### Data in this exercise
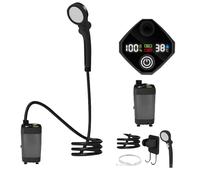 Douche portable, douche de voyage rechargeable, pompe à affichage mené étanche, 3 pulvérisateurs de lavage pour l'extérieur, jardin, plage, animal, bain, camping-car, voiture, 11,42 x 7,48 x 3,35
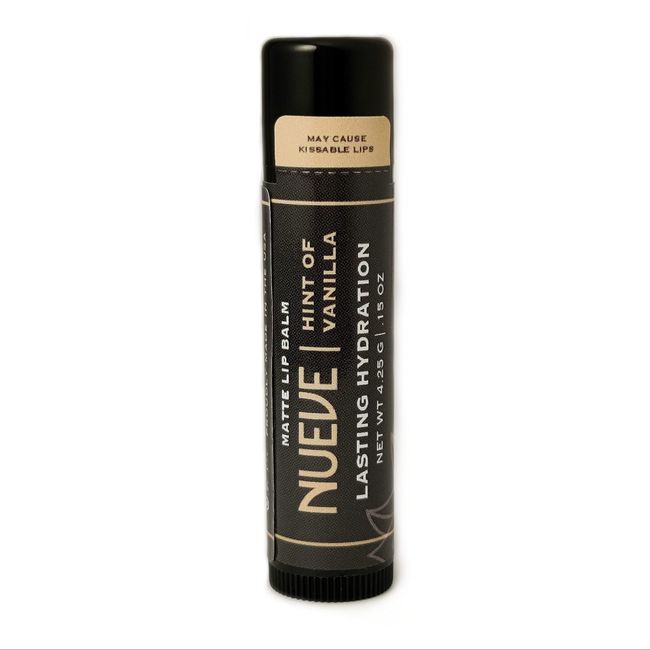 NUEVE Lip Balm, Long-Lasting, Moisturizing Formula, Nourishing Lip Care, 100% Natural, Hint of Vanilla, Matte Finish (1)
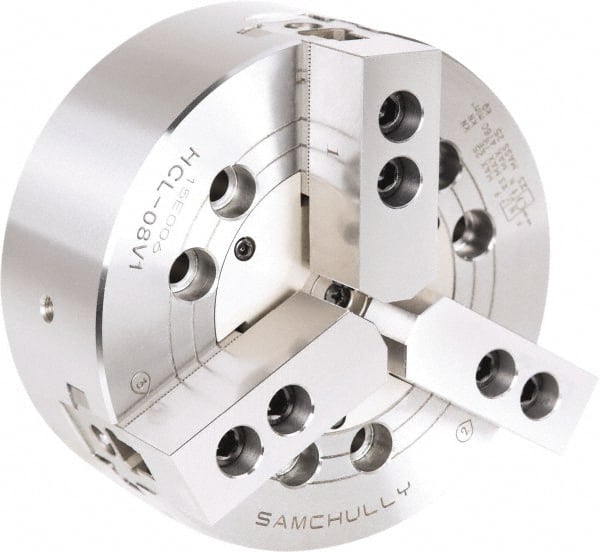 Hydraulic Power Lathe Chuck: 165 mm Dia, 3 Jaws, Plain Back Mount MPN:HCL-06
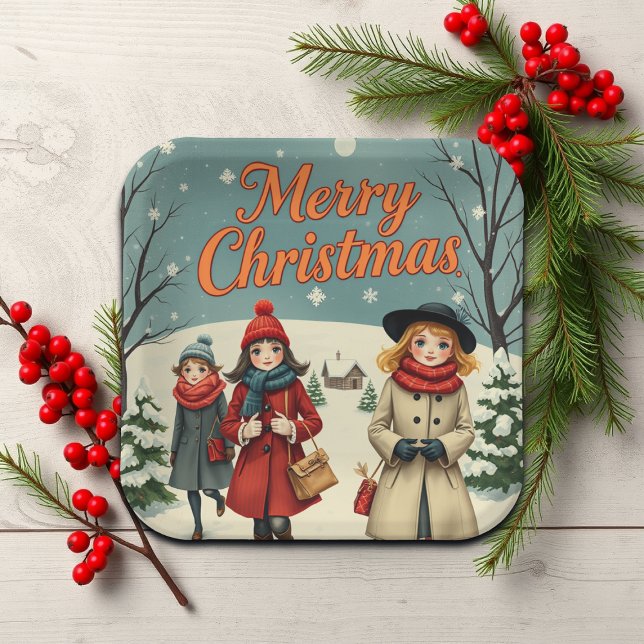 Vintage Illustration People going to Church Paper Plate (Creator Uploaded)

--

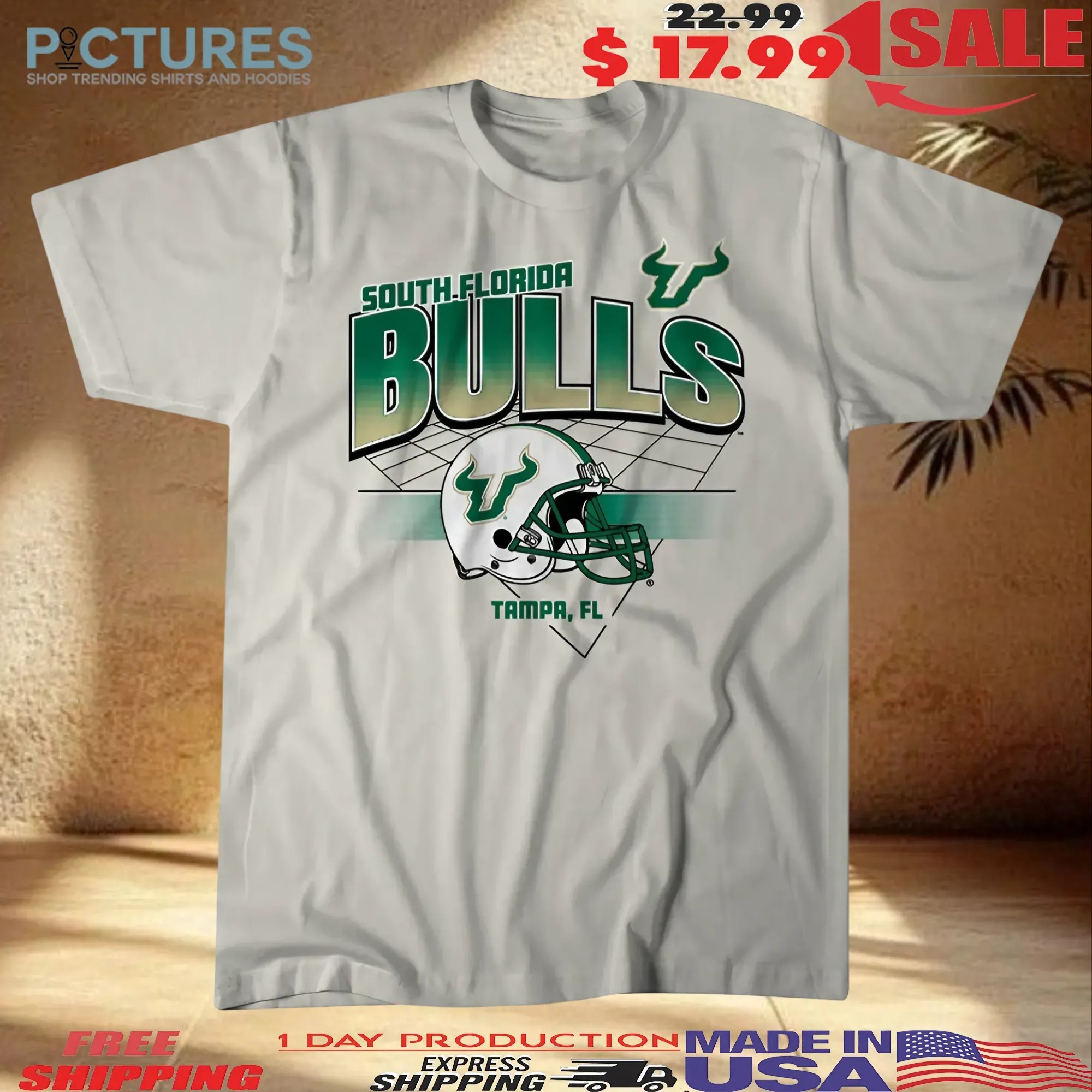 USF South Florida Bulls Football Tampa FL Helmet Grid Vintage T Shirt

### How to complete this task
Start with the line above containing "Douche portable, douche" and end with the line containing "Vintage Illustration People". Set down that stretch exactly, without any pictures.

### Exercise answer
 Douche portable, douche de voyage rechargeable, pompe à affichage mené étanche, 3 pulvérisateurs de lavage pour l'extérieur, jardin, plage, animal, bain, camping-car, voiture, 11,42 x 7,48 x 3,35
 NUEVE Lip Balm, Long-Lasting, Moisturizing Formula, Nourishing Lip Care, 100% Natural, Hint of Vanilla, Matte Finish (1)
 Hydraulic Power Lathe Chuck: 165 mm Dia, 3 Jaws, Plain Back Mount MPN:HCL-06
 Vintage Illustration People going to Church Paper Plate (Creator Uploaded)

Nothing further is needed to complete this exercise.